Developing a Vision for Homeschooling: My story
I began homeschooling twelve years ago. How did my first-born little gap-toothed guinea pig turn into a beautiful 17-year old rising senior?
As the saying goes, “Some days have been long, but the years have been short!” Throughout the years the Lord has blessed me with mentors and a vision that has carried me through many less-than-ideal homeschooling days. As I am planning and preparing for my oldest’s last year of homeschooling, I’ve been reflecting on God’s goodness over the years and thanking Him for calling us to homeschool.

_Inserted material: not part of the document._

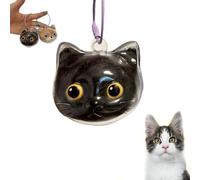 Pet Memorial Keychain for Cat, Transparent Ashes & Hair Keepsake Pendant, Loss of Pet for Women Men, Bereavement Comfort Cremation Jewelry for Grieving (Yellow)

Years ago, at the beginning of my homeschooling journey, a veteran homeschooling mom and friend, Muriel, graciously accepted an invitation to speak in my home. This dear lady prayed for us and then passed around pictures of her four grown children who all happen to be within ten years of my age. Muriel began homeschooling when it was still illegal in her state. As she shared her story, I was inspired. Back in those days, curriculum offerings were practically non-existant. Most companies refused to sell to homeschoolers. It’s easy to think, “They had so little support. How did they do it?” I’m convinced that while Muriel may not have had many homeschool-specific texts, co-ops or conventions to assist her, she, and so many other pioneer homeschooling parents had something much more valuable. They had something that carried them through the hard days and the stares and the questions and the difficulties of participating in a new counter-cultural educational movement.
Muriel had vision.
And as I listened to her speak more than a decade ago, I wanted vision. I wanted it desperately but the whole concept intimidated me. How was I to answer, “What is your homeschooling vision for your family?” Really, back in those days, with five children under seven years old, I could hardly think past “When is nap time?” Nonetheless, I began to pray for something that would get me through the hard days; something bigger than the curriculum I chose or the conflict-resolution strategy of the day.

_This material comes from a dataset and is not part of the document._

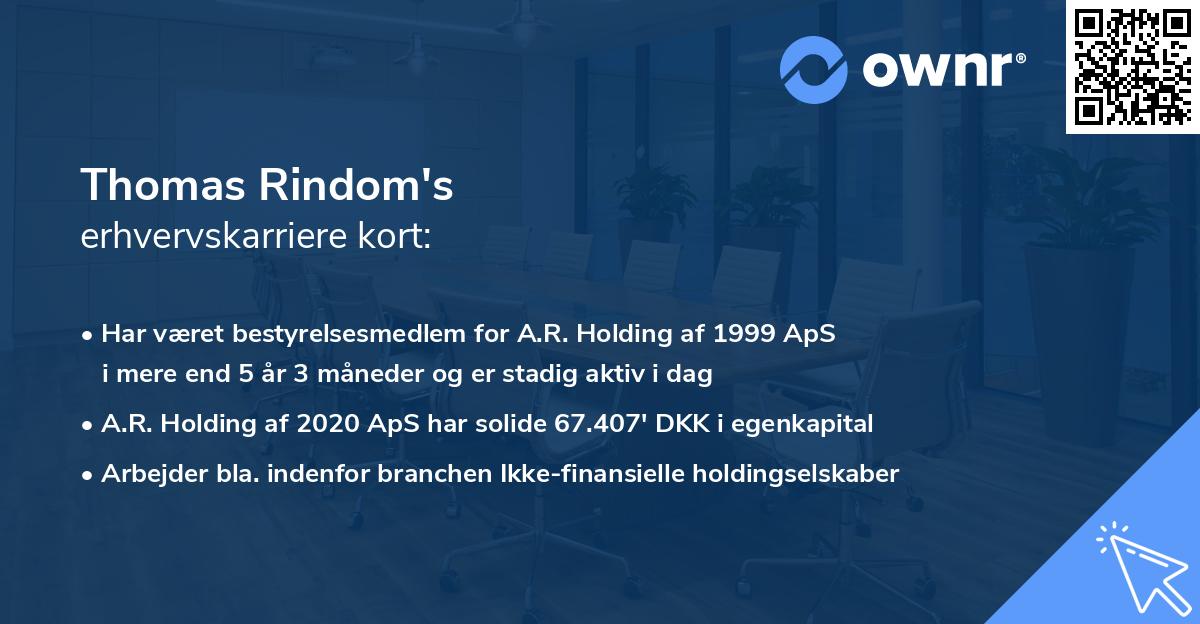 Thomas Rindom's erhvervskarriere kort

While I was an elementary education major, I had never read extensively about home education. Terms like “Classical,” “unit study,” “Charlotte Mason,” and “un-schooling” seemed odd. Don’t all children learn in a desk and with a teacher using a textbook? I began to read every homeschool philosophy book I could get my hands on. I read The Well Trained Mind, and books by Raymond and Dorothy Moore who are credited with being the founders of the modern homeschooling movement. I read The Christian Home School by Gregg Harris and For the Children’s Sake by Susan Schaeffer Macauley. Teaching the Wholehearted Child by Sally Clarkson definitely inspired me. The Underground History of American Education and Dumbing Us Down by John Taylor Gatto, a New York Teacher of the Year recipient, opened my eyes to the state of public education. Books by Ruth Beechick gave me an overall plan for language and math development in the early years while books by Douglas Wilson and Dorothy Sayers provided an understanding of classical education and teaching to developmental stages.

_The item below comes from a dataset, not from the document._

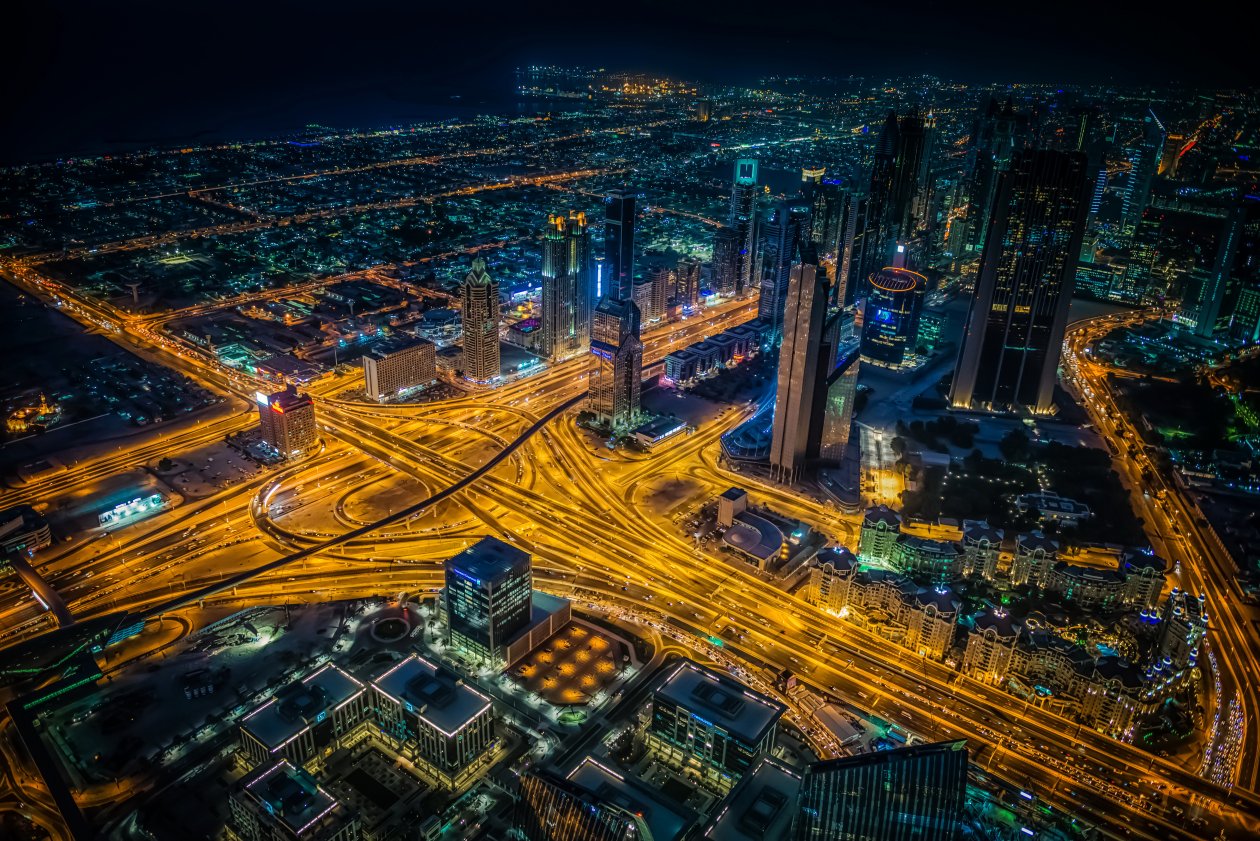 Dubai Building Lights Skycrappers 4k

In addition to reading, I attended my state’s homeschool convention for many years in a row. Unlike many attendees, I didn’t really go to shop for books. I love curriculum and could spend hours pouring over grammar texts, but in those early years of homeschooling, I attended conferences to learn from veteran home educators. I attended sessions by speakers such as Michael and Vicky Farris, Gregg Harris, Sally Clarkson, Scott and Marcia Somerville, Hal and Melanie Young as well as many local teachers.
These authors and speakers certainly influenced me as did many dear friends ahead of me in their homeschooling journeys. I’ll never forget approaching a dear mom at church one day after a service and basically pleading with her to be my friend. She had six beautiful children who listened attentively to the sermon and exhibited the finest of manners while I stole their mommy’s attention for an unreasonable amount of time between services. This sweet mom invited me to her home. Years later, she is still a dear friend I know I can call. In the early years of my homeschooling, I just wanted her to share her wisdom with me. I’m so grateful for her as well as several other dear friends who were willing to encourage me.
So, did all this study help me to develop a plan? Could I map the course of our homeschooling for the next several years? Did I pinpoint my homeschool philosophy? Did I “get it all together?”
No. However, as my husband and I prayed and daily sought to disciple and educate our children, our desire to home-educate became a passion. It became a calling. It became a commitment. We decided that our precious children God gave us, who only would live with us a short while, deserved our whole-hearted efforts. Deuteronomy 6:7 states:
You shall teach them diligently to your children, and shall talk of them when you sit in your house, and when you walk by the way, and when you lie down, and when you rise.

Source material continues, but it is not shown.